+++ MATERIALS PROVIDED

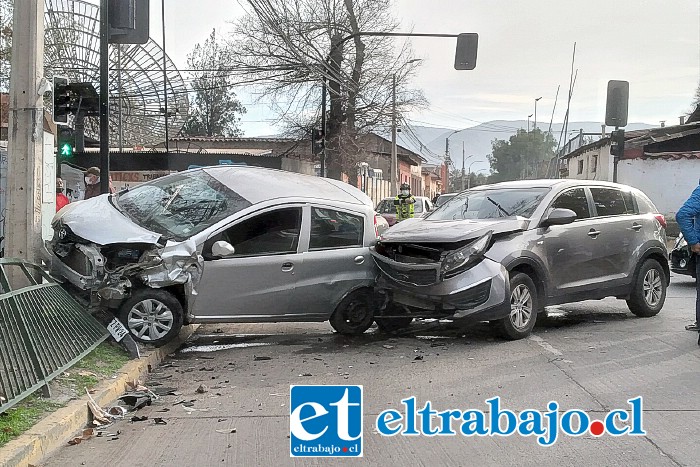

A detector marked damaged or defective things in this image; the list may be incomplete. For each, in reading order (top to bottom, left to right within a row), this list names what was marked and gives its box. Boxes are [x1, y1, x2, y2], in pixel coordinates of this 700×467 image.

crumpled hood [54, 195, 161, 247]
shattered windshield [116, 170, 253, 241]
damaged vehicle door [193, 208, 302, 322]
broken bumper [372, 252, 508, 322]
crumpled hood [380, 218, 528, 243]
shattered windshield [430, 188, 548, 221]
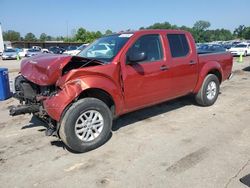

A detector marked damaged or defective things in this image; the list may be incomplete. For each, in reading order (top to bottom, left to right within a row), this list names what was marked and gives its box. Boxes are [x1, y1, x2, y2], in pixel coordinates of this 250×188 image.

crumpled hood [20, 54, 72, 85]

++++++

### [TRY IT]
Retype all of the material above precisely as it reads. Pictures are not part of the copy.

### [COMPLETED TASK]
A detector marked damaged or defective things in this image; the list may be incomplete. For each, in reading order (top to bottom, left to right within a row), this list names what was marked and gives its box. Boxes are [x1, y1, x2, y2], in pixel coordinates of this 700×467 image.

crumpled hood [54, 195, 161, 247]
shattered windshield [116, 170, 253, 241]
damaged vehicle door [193, 208, 302, 322]
broken bumper [372, 252, 508, 322]
crumpled hood [380, 218, 528, 243]
shattered windshield [430, 188, 548, 221]

A detector marked damaged or defective things in this image; the list may be incomplete. For each, in reading order (top to bottom, left to right within a row), this list names what was marked and gives its box. Boxes are [x1, y1, x2, y2], in pixel coordinates of this 250×188 image.

crumpled hood [20, 54, 72, 85]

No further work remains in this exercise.